Failles et prises de pouvoir
Le temps, c’est d’ailleurs ce qui a permis a ses textes d’atteindre une portée plus universelle : le titre d’ouverture déjà cité, ou encore le magnifique et bouleversant Cosmonauts ont été écrits en pensant à une personne en particulier, mais poursuivis et finalement enregistrés en étant habités par d’autres figures de l’histoire intime de la songwriter. Ce ne sont pas uniquement le passé et le présent de la musique qui s’y mêlent, mais aussi ceux de l’auteure.
Les failles et les prises de pouvoir de son chant sont indissociables de la portée éminemment féministe de l’album, dimension essentielle qui ne doit pas occulter son aboutissement esthétique – bien au contraire, elle en fait même partie intégrante, embrassant les cris de ralliement de l’empowerment et les confessions brisées qui trouveront écho chez plus d’une.

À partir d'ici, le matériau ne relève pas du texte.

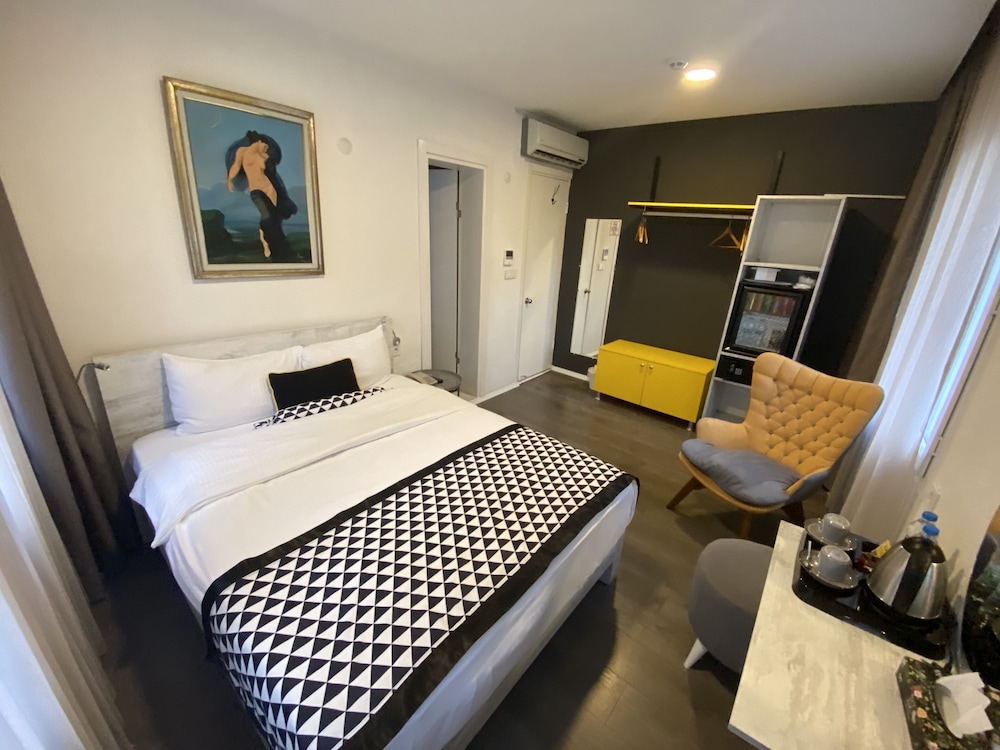 Piano Hotel 6/38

Souverainement, la voix est soutenue sur bien des titres par un groove étrange. Étrange, car autant mental que physique, et installé sur des rythmes volontiers tordus, qui nous prend de biais comme les sérénades acides du Joe Jackson de Night and Day, l’un des rares disques que, dans sa façon d’avancer en volutes, FTBC pourrait élire comme prédécesseur. Mais difficile de rattacher fermement cet album à une lignée droite et directe, de ses racines aux héritières que sont, par exemple, Billie Eilish sur le versant international ou la gréco-berlinoise Sissi Rada du côté des trésors cachés (l’album Pragma de 2016 sur le label Inner Ear), surtout à l’écoute de sommets comme le tribal Relay ou le déchirant Heavy Balloon.
Ce qui saisit le plus, c’est qu’un tel niveau de maîtrise dans l’écriture, l’architecture et l’interprétation des chansons débouche sur autant d’accidentel, de fructueux déséquilibres – on aurait voulu faire écouter ce disque à Christophe, tiens, sûr que lui comme personne aurait su apprécier cette dimension. Sur Under the Table Fiona Apple nous prévient : “I won’t shut up”. Que ce qui s’ouvre avec ce disque extraordinaire, qu’il s’agisse d’une nouvelle ère où simplement d’une nouvelle décennie de musique pop excitante, ne soit pas près de se refermer, voilà exactement l’étrange et belle nouvelle qu’on attendait.